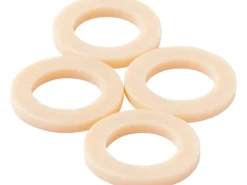 KÖRO TPE-Ring 15 mm x 24 mm x 3 mm für Überwurfmutter 3/4" 4 Stück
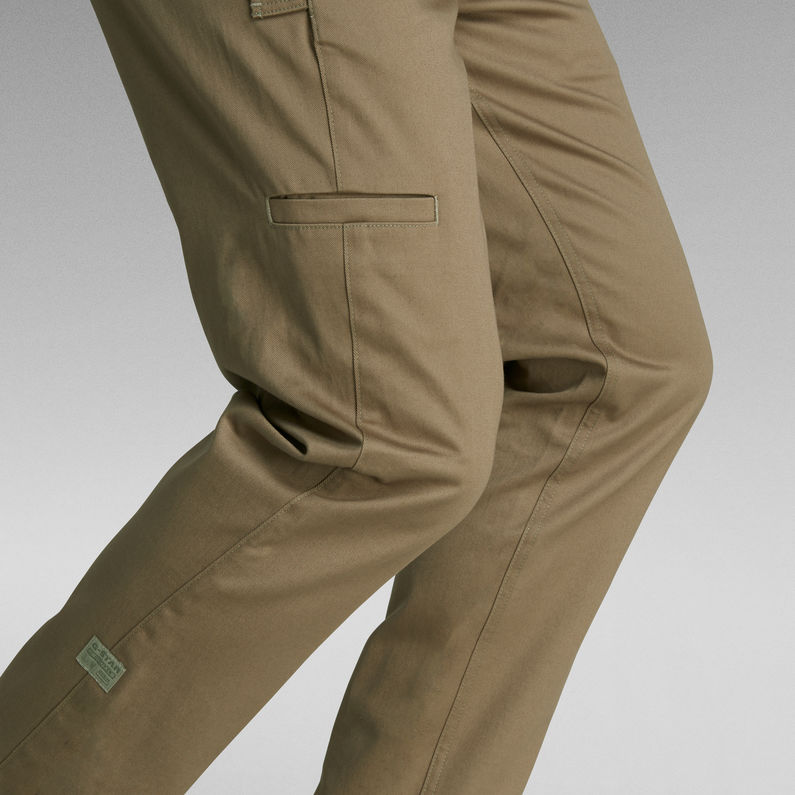 G-STAR® Pilotte Straight Tapered Chino Brown
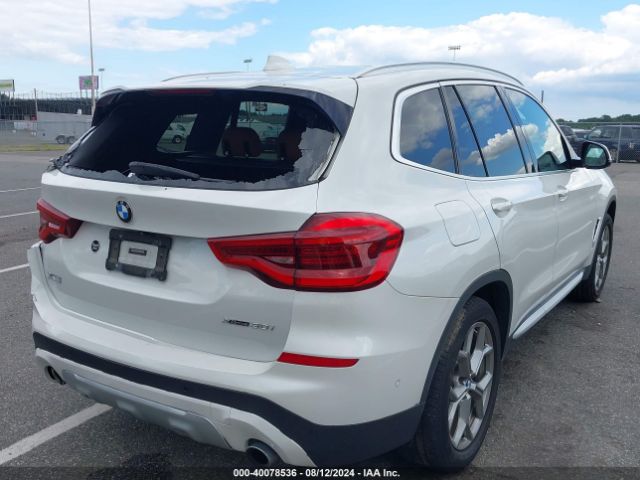 Photo 3 VIN: 5UXTY5C0XL9B40105 - BMW X3 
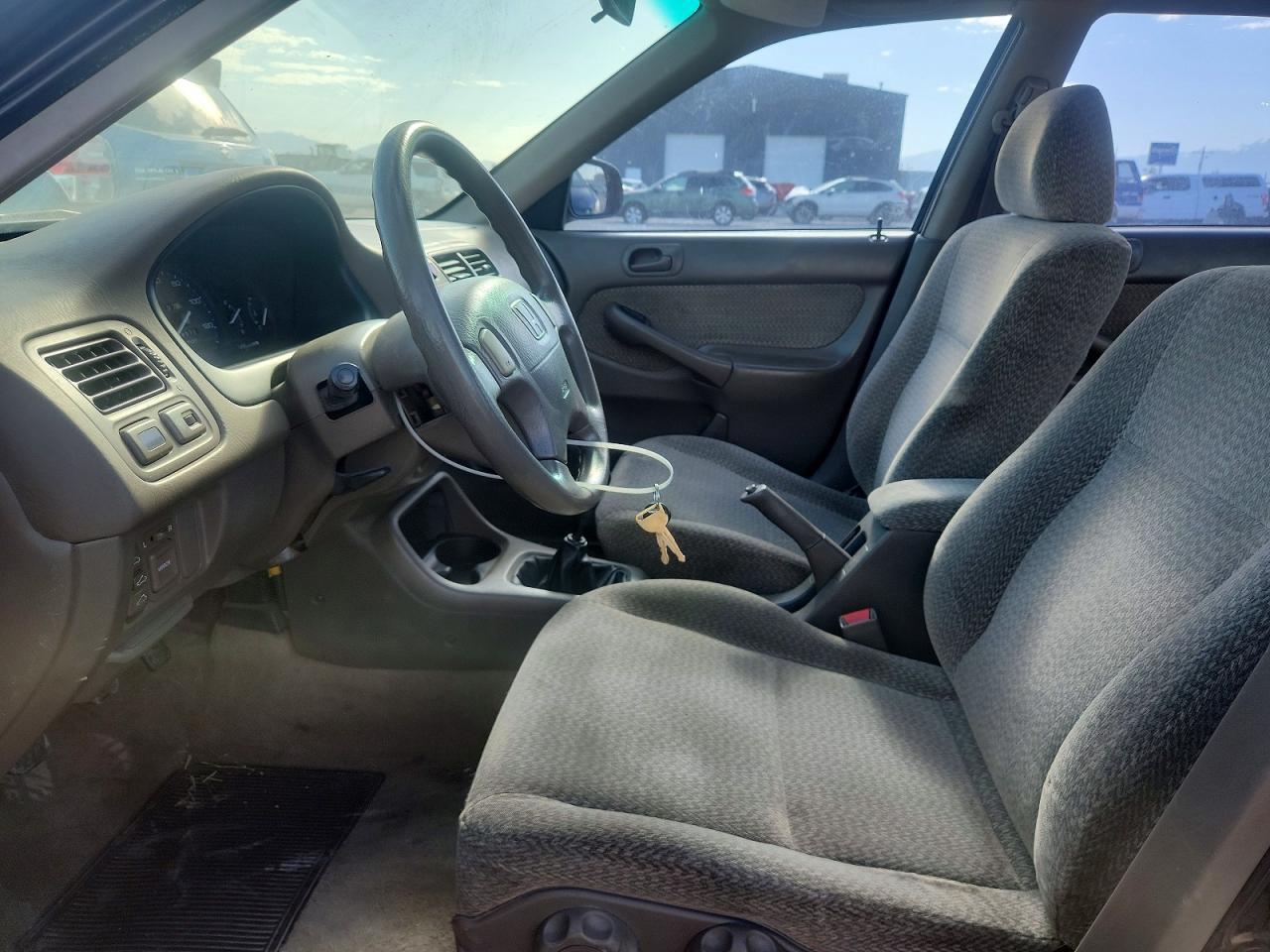 2000 HONDA CIVIC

____________________

**DIRECTIONS FOR THIS TASK:** Write out the whole listing again, exactly, with no pictures.

**EXERCISE SOLUTION:**
 KÖRO TPE-Ring 15 mm x 24 mm x 3 mm für Überwurfmutter 3/4" 4 Stück
 G-STAR® Pilotte Straight Tapered Chino Brown
 Photo 3 VIN: 5UXTY5C0XL9B40105 - BMW X3 
 2000 HONDA CIVIC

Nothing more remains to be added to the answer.